■ WHAT TO DO: Please output the following records exactly. Leave every image out.

■ Stored data entries:
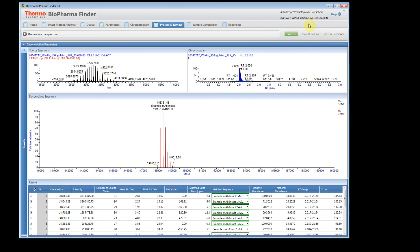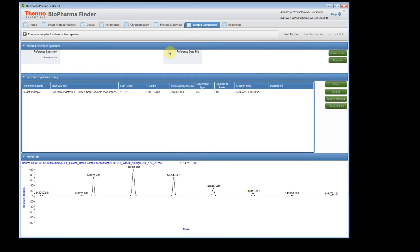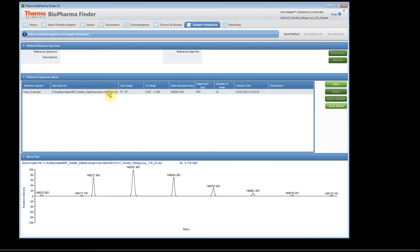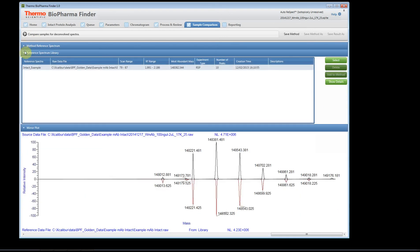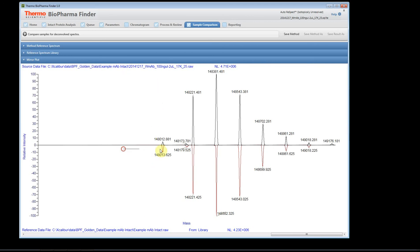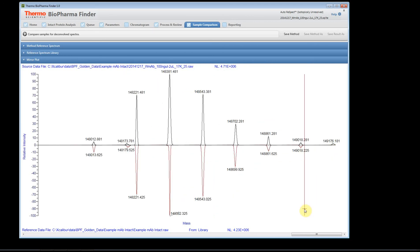Once both files complete, click to open the results. This is our second file, and now we can do a comparison. We select our reference file — the intact example we set earlier — click Select, and run the comparison. You can zoom in, hide panels for a better view, and see a side-by-side comparison between the two files. That's how to use the intact workflow with the ReSpect algorithm. Please see other examples for ReSpect with sliding window or the Extract algorithm.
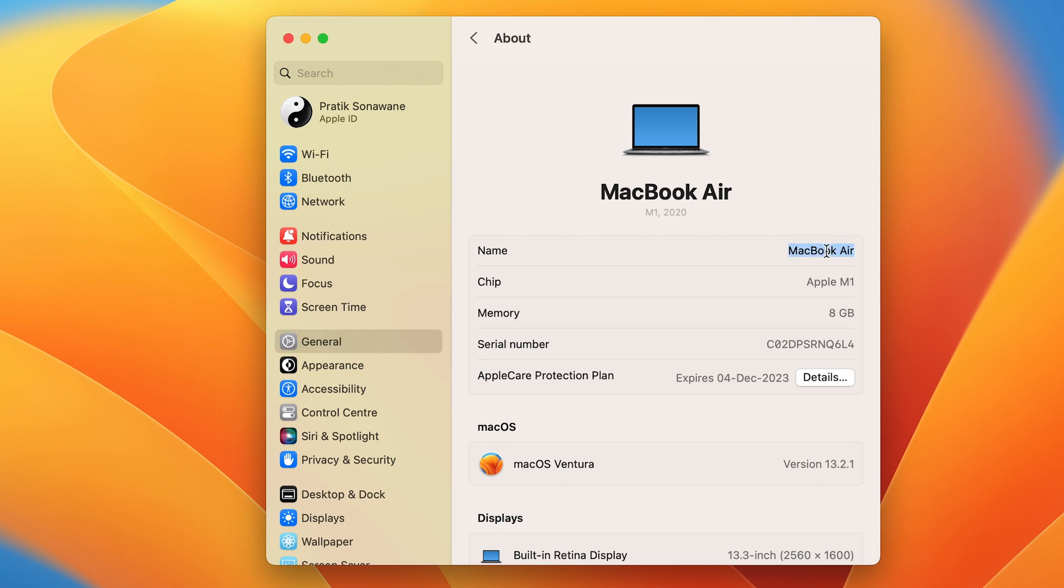If I want to change it, double tap over there and just type on the keyboard whichever name you want. Now you can see I have changed the name from MacBook Air to Karma Tech.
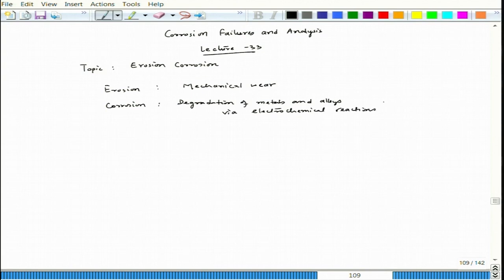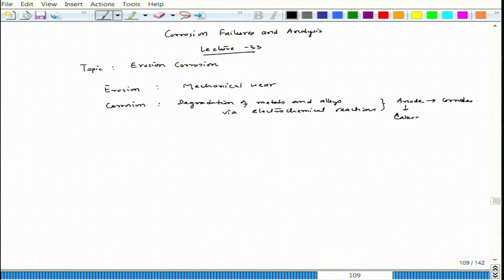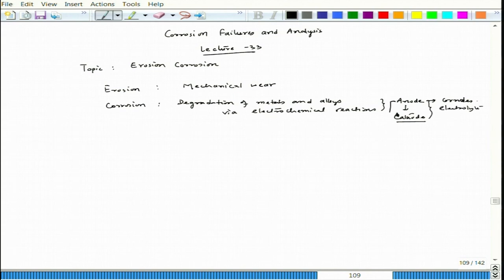In corrosion, we need an anode which corrodes and in order to maintain the charge balance we need a cathode. Both are in an electrolyte and we have electron flow via a conductor. That is the basic component of corrosion.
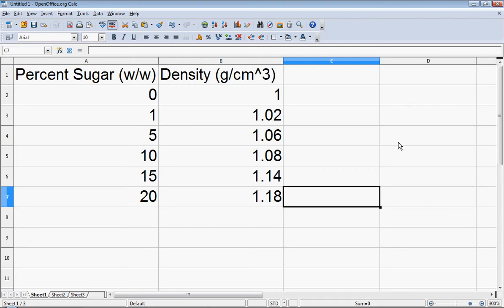This video will use a spreadsheet program — specifically OpenOffice Calc — to produce an XY scatter plot that will have a linear trend line and will display the equation of that line.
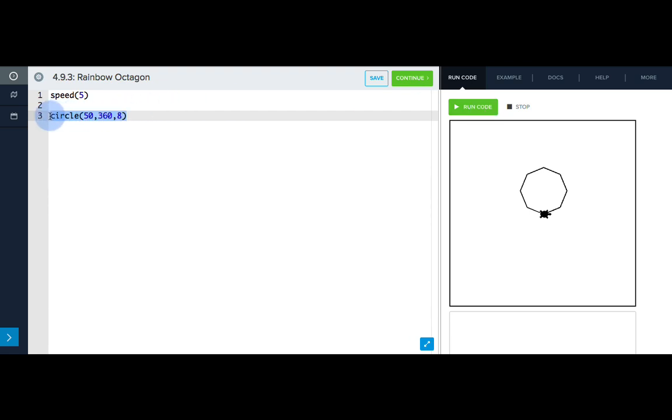First, let's use our pen size command to set the pen size to 10, and change Tracy's color to red.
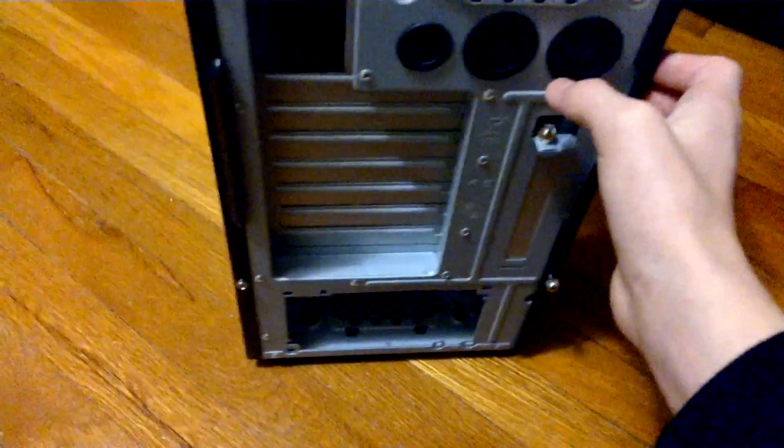Both of these side panels come off. Oh, just kidding. This thing is huge. This is going to be a long video.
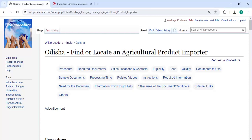Hey guys, welcome to Big Research Video Channel. Kindly subscribe to our channel for more informative videos. In this video, we are going to see how to find or locate an agriculture product importer in Odisha. The link is highlighted right now — please find it in the description below this video.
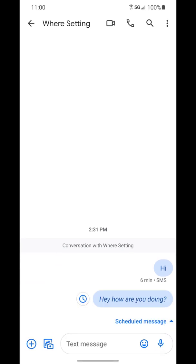This works for anyone you're trying to send the message to if you're using the Google texting messaging app. So whether it's a group message, individual message, chat message, if you have RCS enabled and things like that, it'll work just the same across the board.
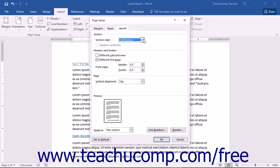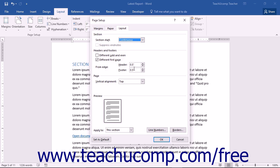You can choose the settings for your headers and footers in the labeled section. Use the checkboxes to set different odd and even page headers and footers, or a different first page header and footer. You can also set the indent from the edge of the document by using the header and footer spinners in the From Edge section.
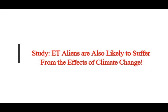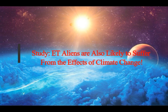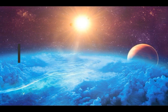A study finds that extraterrestrial aliens are also likely to suffer from the effects of climate change. Technological alien civilizations could render their own home worlds uninhabitable within a thousand years.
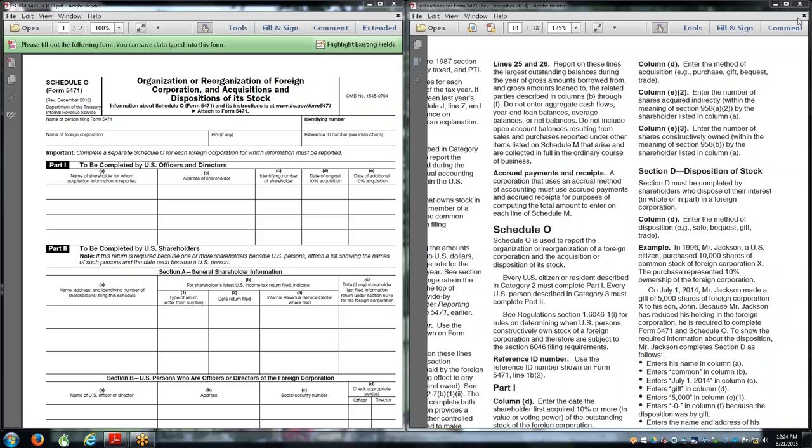We're covering a challenging schedule where we get into the controlled foreign corporation ownership rules. They can be complex when looking at more than one corporation, partners in either domestic or foreign businesses, and estate planning with revocable trusts. I have the instructions here for Schedule O, and you'll find these in the general instructions for Form 5471.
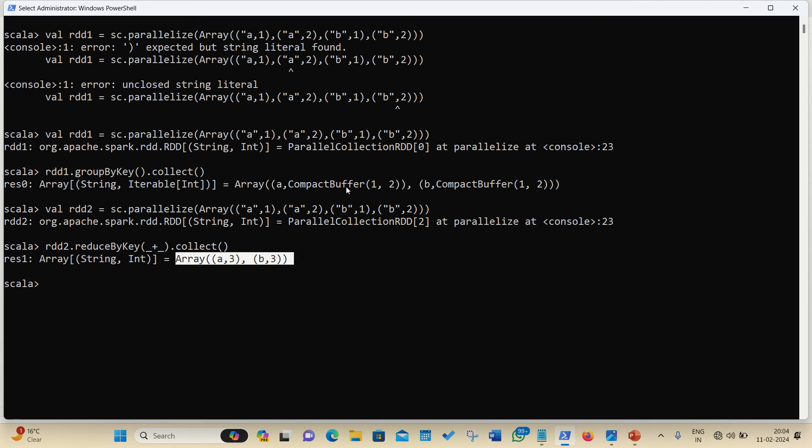And you can see answer is coming here A comma 3 and B comma 3. So, over there it is showing like A1, 2 means it is showing the values against A, but it is performing the reduction task here, this is how they are different.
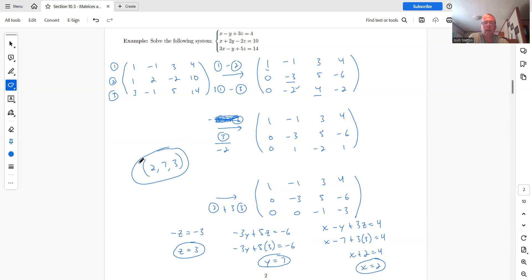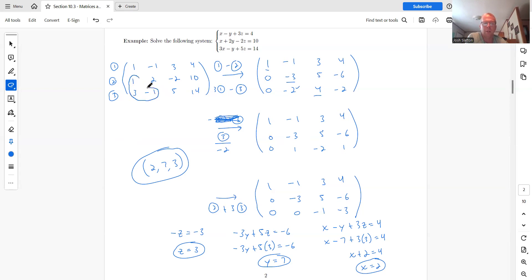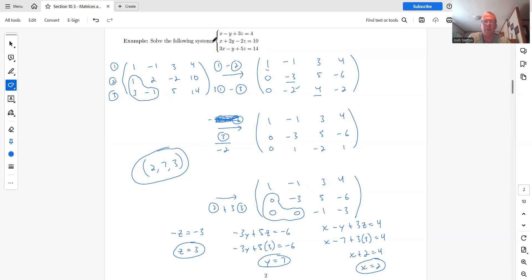We write the solution as an ordered triple — x, y, z in that order. That's essentially the process: write the augmented matrix from the coefficients, use elementary row operations to get zeros in the lower-left triangle, then convert back to equations and back-substitute from the bottom up. We'll do several more examples, but that covers the basics of this section.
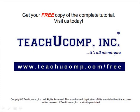Get your free copy of the complete tutorial at www.teachucomp.com forward slash free.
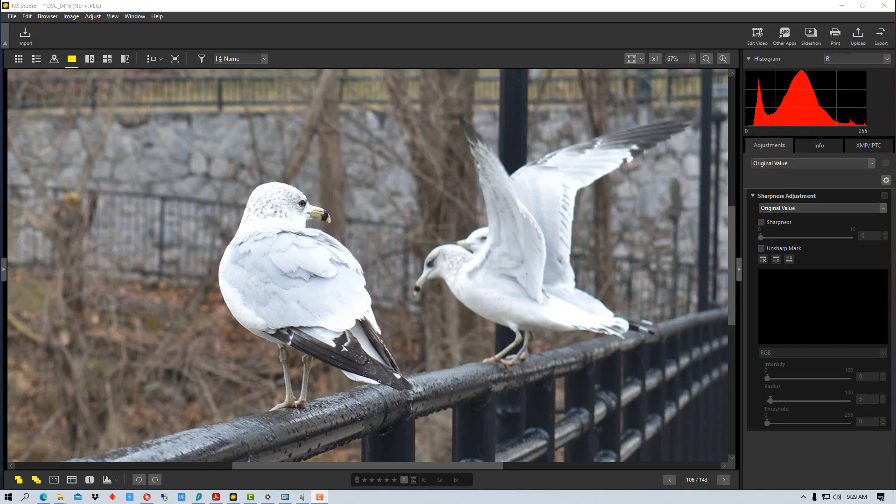Hey everybody, welcome to Photoblue and today I'm going to show you how to use the sharpness adjustment tool in NX Studio by Nikon.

■ RESPONSE FOR THIS EXERCISE:
Once both files complete, click to open the results. This is our second file, and now we can do a comparison. We select our reference file — the intact example we set earlier — click Select, and run the comparison. You can zoom in, hide panels for a better view, and see a side-by-side comparison between the two files. That's how to use the intact workflow with the ReSpect algorithm. Please see other examples for ReSpect with sliding window or the Extract algorithm.
If I want to change it, double tap over there and just type on the keyboard whichever name you want. Now you can see I have changed the name from MacBook Air to Karma Tech.
In corrosion, we need an anode which corrodes and in order to maintain the charge balance we need a cathode. Both are in an electrolyte and we have electron flow via a conductor. That is the basic component of corrosion.
This video will use a spreadsheet program — specifically OpenOffice Calc — to produce an XY scatter plot that will have a linear trend line and will display the equation of that line.
First, let's use our pen size command to set the pen size to 10, and change Tracy's color to red.
Both of these side panels come off. Oh, just kidding. This thing is huge. This is going to be a long video.
Hey guys, welcome to Big Research Video Channel. Kindly subscribe to our channel for more informative videos. In this video, we are going to see how to find or locate an agriculture product importer in Odisha. The link is highlighted right now — please find it in the description below this video.
This works for anyone you're trying to send the message to if you're using the Google texting messaging app. So whether it's a group message, individual message, chat message, if you have RCS enabled and things like that, it'll work just the same across the board.
You can choose the settings for your headers and footers in the labeled section. Use the checkboxes to set different odd and even page headers and footers, or a different first page header and footer. You can also set the indent from the edge of the document by using the header and footer spinners in the From Edge section.
A study finds that extraterrestrial aliens are also likely to suffer from the effects of climate change. Technological alien civilizations could render their own home worlds uninhabitable within a thousand years.
We're covering a challenging schedule where we get into the controlled foreign corporation ownership rules. They can be complex when looking at more than one corporation, partners in either domestic or foreign businesses, and estate planning with revocable trusts. I have the instructions here for Schedule O, and you'll find these in the general instructions for Form 5471.
And you can see answer is coming here A comma 3 and B comma 3. So, over there it is showing like A1, 2 means it is showing the values against A, but it is performing the reduction task here, this is how they are different.
We write the solution as an ordered triple — x, y, z in that order. That's essentially the process: write the augmented matrix from the coefficients, use elementary row operations to get zeros in the lower-left triangle, then convert back to equations and back-substitute from the bottom up. We'll do several more examples, but that covers the basics of this section.
Get your free copy of the complete tutorial at www.teachucomp.com forward slash free.
Hey everybody, welcome to Photoblue and today I'm going to show you how to use the sharpness adjustment tool in NX Studio by Nikon.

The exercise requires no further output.